配偶や子供が死亡退職金を受け取る際に知っておきたいこと
被相続人が在職中に亡くなった場合、勤務先によっては死亡退職金が支給されることがあります。死亡退職金は、相続税の課税対象となるため注意が必要です。この記事では、配偶者や子供が死亡退職金を受け取った場合に知っておきたいことについて、わかりやすく解説します。
目次
『配偶者と子供による死亡退職金の相続』に関する基本事項
死亡退職金は相続税の課税対象になる
死亡退職金とは、被相続人の死亡に伴い、生前の勤務先から遺族に対して支払われる退職金です。
死亡退職金は、被相続人が生前に取得していた財産ではなく、死亡をきっかけとして支払われることから、民法上では相続財産に該当しません。しかし、相続税法上では、被相続人の死亡から3年以内に支給が確定した死亡退職金を、相続もしくは遺贈により取得したものとみなし、相続税の課税対象になります。
死亡退職金を遺産分割の対象に含めないケースも
死亡退職金は企業が任意で定めるもので、会社の規程によっては受取人が指定されている場合もあります。

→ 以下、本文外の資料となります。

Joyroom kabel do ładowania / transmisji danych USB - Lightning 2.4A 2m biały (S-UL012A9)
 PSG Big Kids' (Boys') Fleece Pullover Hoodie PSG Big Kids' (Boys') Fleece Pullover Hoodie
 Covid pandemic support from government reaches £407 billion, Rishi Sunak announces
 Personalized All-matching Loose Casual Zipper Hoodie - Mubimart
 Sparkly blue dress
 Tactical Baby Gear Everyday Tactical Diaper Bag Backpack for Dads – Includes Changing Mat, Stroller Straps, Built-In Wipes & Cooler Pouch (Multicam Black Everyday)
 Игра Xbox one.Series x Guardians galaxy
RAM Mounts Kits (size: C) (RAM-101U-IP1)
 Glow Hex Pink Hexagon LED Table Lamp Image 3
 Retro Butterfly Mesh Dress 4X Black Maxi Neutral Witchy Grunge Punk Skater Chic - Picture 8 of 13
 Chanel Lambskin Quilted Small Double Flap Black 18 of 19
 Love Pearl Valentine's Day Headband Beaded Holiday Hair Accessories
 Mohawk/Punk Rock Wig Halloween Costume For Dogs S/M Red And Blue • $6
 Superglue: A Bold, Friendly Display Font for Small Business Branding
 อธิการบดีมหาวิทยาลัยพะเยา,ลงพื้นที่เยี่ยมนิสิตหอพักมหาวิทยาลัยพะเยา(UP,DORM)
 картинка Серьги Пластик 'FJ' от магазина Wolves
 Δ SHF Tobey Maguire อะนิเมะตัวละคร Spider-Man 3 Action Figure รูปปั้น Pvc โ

死亡退職金の受取人が指定されている場合は、受取人の固有財産として扱うため、遺産分割の対象に含みません。一方、受取人が指定されていない場合は、遺産分割の対象となります。
死亡退職金にかかる相続税はいくらになる?
では、死亡退職金に相続税がいくらかかるのかについて、みていきましょう。
死亡退職金には非課税枠がある
死亡退職金には、遺族の生活の安定を図る側面があることなどを考慮して、一定額を非課税とする非課税限度額が設けられています。死亡退職金の非課税限度額は、法定相続人1人につき500万円です。
非課税限度額=500万円×法定相続人の人数
たとえば、法定相続人が配偶者と子供2人の場合の非課税限度額は、1,500万円になります。なお、法定相続人以外の人が受け取る場合、非課税限度額は適用されません。
相続税の課税対象額を計算する方法
受け取った死亡退職金で、相続人1人あたりにかかる相続税の課税対象額は、以下の方法で算出します。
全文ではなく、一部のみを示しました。